Reporter Jose Antonio Vargas admission in Sunday's New York Times Magazine that he has been living and working in American journalism over the past decade while not admitting to his immediate superiors that he was undocumented set off a firestorm from some of his former employers in the media. But he bigger question is: will his admission add something new to the debate in this country about illegal immigration?
Vargas tells the story of coming to California in the mid 1990's from the Philippines (separating from his mother) to stay with his grandparents. He graduated from San Francisco State in 2004 in Political Science (incidentally my alma mater), and began working for the Washington Post almost immediately after he left the school (he worked for the San Francisco Chronicle while still in school), and was part of a team of reporters for the Post that won a Pulitzer for their coverage of the 2007 Virginia Tech shooting massacre.

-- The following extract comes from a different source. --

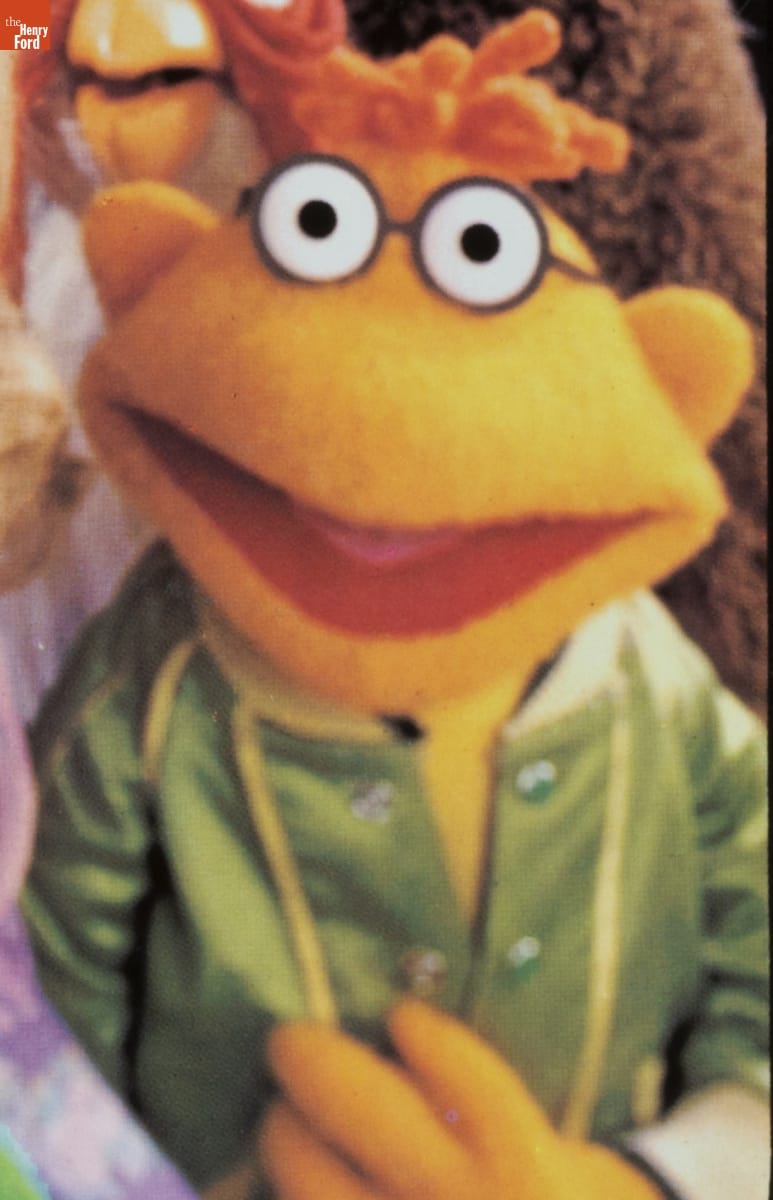"Jim Henson's Muppets" Lunchbox, 1979 / Scooter detail Yellow puppet with orange hair, glasses, and green satin jacket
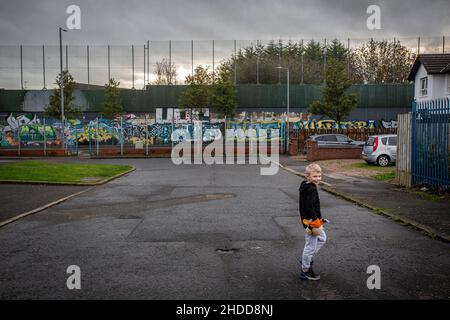 Kleiner Junge mit farbenfrohen Wandgemälden und Graffiti auf Peace Wall oder Peace Line, der auf dem Cupar Way in Belfast entlang läuft, die überwiegend republikanische und trennen Stockfoto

But in his riveting story (originally commissioned by the Post, who apparently then got cold feet and killed it), the journalist, who also admits in the story that he is gay, said that the secret that he has withheld from his bosses was something he could no longer do, as he learned about undocumented youths in Miami fight for passage of the DREAM act last year:
Last year I read about four students who walked from Miami to Washington to lobby for the Dream Act, a nearly decade-old immigration bill that would provide a path to legal permanent residency for young people who have been educated in this country. At the risk of deportation — the Obama administration has deported almost 800,000 people in the last two years — they are speaking out. Their courage has inspired me.
There are believed to be 11 million undocumented immigrants in the United States. We’re not always who you think we are. Some pick your strawberries or care for your children. Some are in high school or college. And some, it turns out, write news articles you might read. I grew up here. This is my home. Yet even though I think of myself as an American and consider America my country, my country doesn’t think of me as one of its own.